No doubt ADHD is real and it is common but there are other treatments besides medication. As I stated before, behavioral interventions are a form of treatment. Parental programs and teacher programs can be very beneficial. Lifestyle changes are also beneficial to some children and their families. Healthy living can help some maintain focus and exercise has been implemented in maintaining focus as well. Sleep is another lifestyle change that can be beneficial. Extra half hour of sleep has been studied in 34 children ages 7-11 and that study showed noticeable results and the same study also produced better behavioral results in the children that got the extra half hour of sleep. Clay, Rebecca A., Easing ADHD without meds
ADHD and all the debates and controversy is real. The ones that are suffering are the children. More research needs to be continual so that we are not over-diagnosing or over-medicating these children. The problems are real and we need a real solution. Children that are medicated are showing signs of improvement and are able to maintain focus and make better grades.
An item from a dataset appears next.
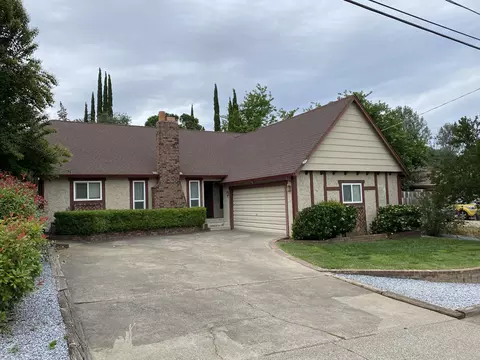 3610 Summit Dr, Redding, CA 96001 photo 1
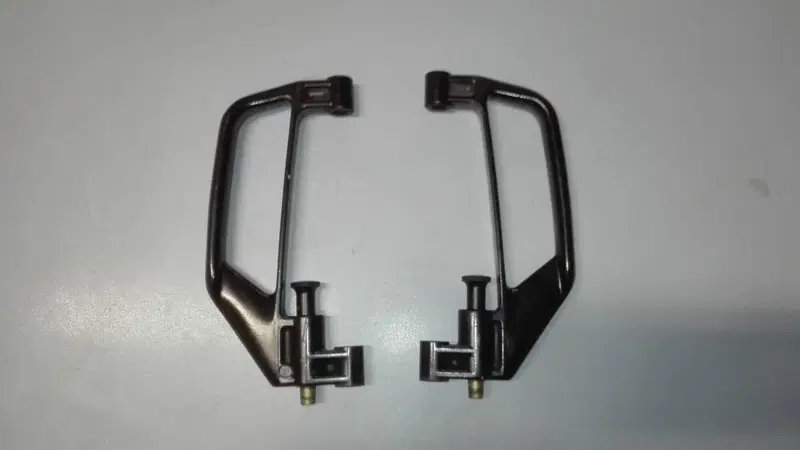 MANIGLIA PASSEGGERO DUCATI 888 (2)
Some of them are even behaving better but children that are not medicated receive those same results with interventions and therapies. Every child is different and what works for one may not work for another. Every attempt should be made to find the balance for each child affected. ADHD is serious and causes concern for other problems later in life.
In conclusion, I propose that all parents with children that have been diagnosed with ADHD do their research and find the best possible treatment that fits their family and child. All our children are different but it is what is in the best interest of each individual. Medications are an option for some but the same results can be achieved without it for others. It is important to keep up to date with all the new developments with ADHD and all the new treatment options available. ADHD is growing in this country and with that the research needs to grow as well. Our children are our future and we want what is best for them. ADHD will not go away but we can effectively manage it and continue to find better ways of coping with it and treating it. There is no cure but together there are many options out there and support is a great thing to have when dealing with the pressures of ADHD. Be cautious of medications and know all the facts and be open to other treatment options, they can be beneficial to some.

References:

Centers for Disease Control and Prevention. (n.d.). Retrieved July 7, 2014, from http://www.cdc.gov

Cowan, Psy.D, D. (n.d.). “What is ADHD?”.

U S Food and Drug Administration Home Page. (n.d.). Retrieved July 7, 2014, from http://Www.fda.gov

Schwartz, A. (n.d.). Diagnoses worry doctors. The New York Times.

Clay, R. (n.d.). Easing ADHD without meds.